Everything changed in the late 1990s and 2000s. Every investment bank other that GS got bought or went bust (even Morgan Stanley was effectively bought by Dean Witter). By the time I started, true investment banking seemed to be destined to die at the altar of the universal banks.

But somehow out of the ashes…

Independent advisory firms have prospered (once there was just Lazard) and former nonentities like JEF, Blair, Baird, Piper, Houlihan have become forces to reckon with.

in my view bulge bracket firms are the spiritual heirs of the commercial banks - solid institutions, deliver important services, pay ok but not particularly well, bug and bureaucratic 

The spiritual heirs of the investment banks are the independent advisory firms and the MM firms where bankers can actually get paid and are culturally a lot more similar to the old Morgan Stanley, Lehman, DLJ, etc

Goldman remains Goldman, a breed apart

Interesting times. The more things change, the more they stay the same





 

Curious why you say Goldman remains Goldman? They operate very similarly to (for example) Morgan Stanley, so why are you classifying Goldman as a different breed?

 

Curious why you say Goldman remains Goldman?
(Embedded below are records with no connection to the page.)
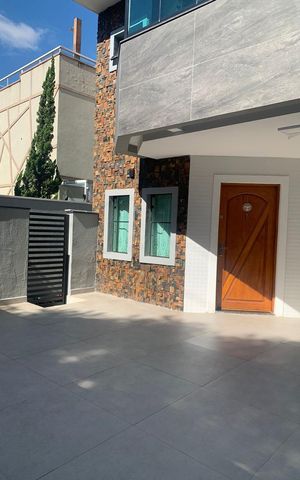 Casa à venda com 400m², 5 quartos e 6 vagas Casa à venda com 400m², 5 quartos e 6 vagasÁrea externa Casa 1
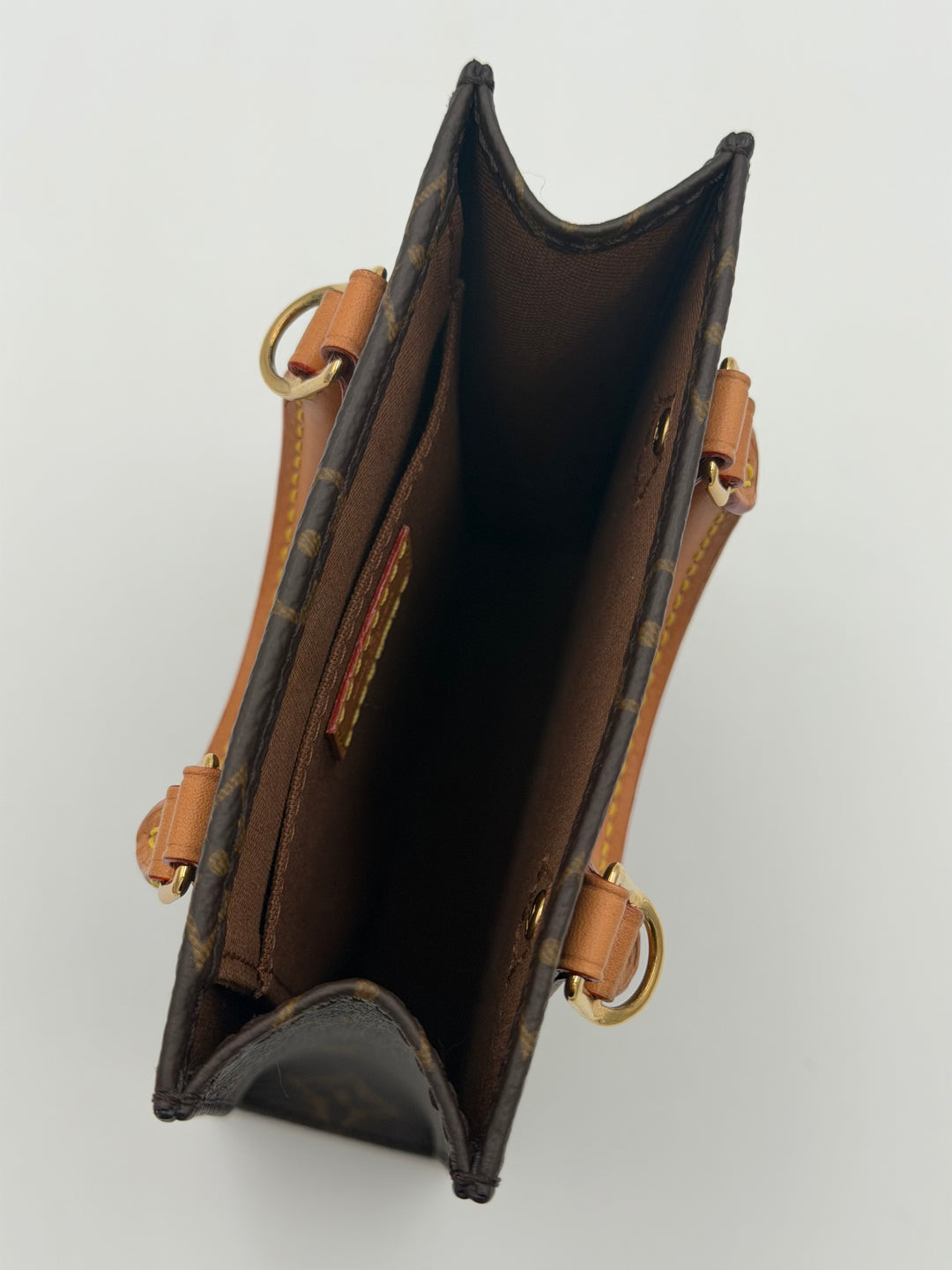 Louis Vuitton Petit Sac Plat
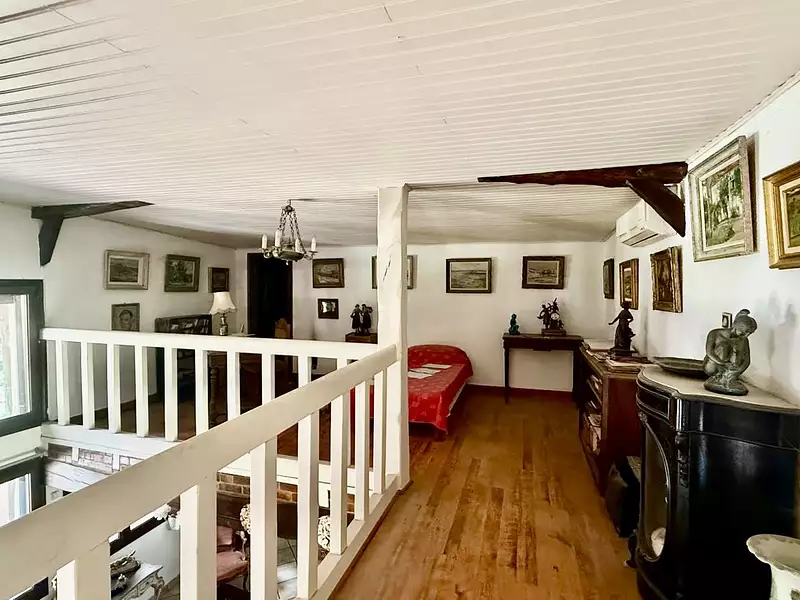Maison, 245 m²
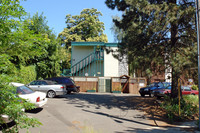 3215 SE Alder Ct in Portland, OR - Foto de edificio - Building Photo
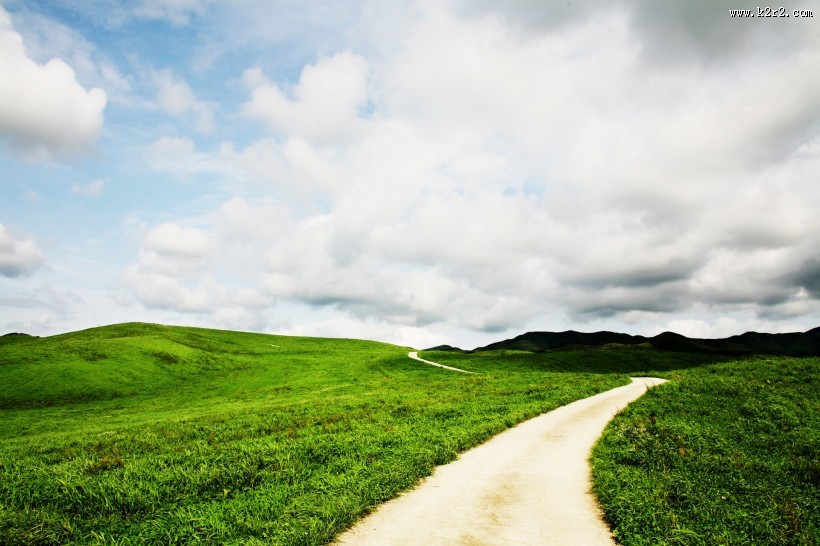 蓝天草地小路图片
They operate very similarly to (for example) Morgan Stanley, so why are you classifying Goldman as a different breed?

Goldman has survived whereas Morgan Stanley didn’t (the name did,  but Morgan Stanley was bought by Dean Witter in a merger of unequals) because Goldman is uniquely effective in managing risk and making money in proprietary trading and in principal investments / asset management.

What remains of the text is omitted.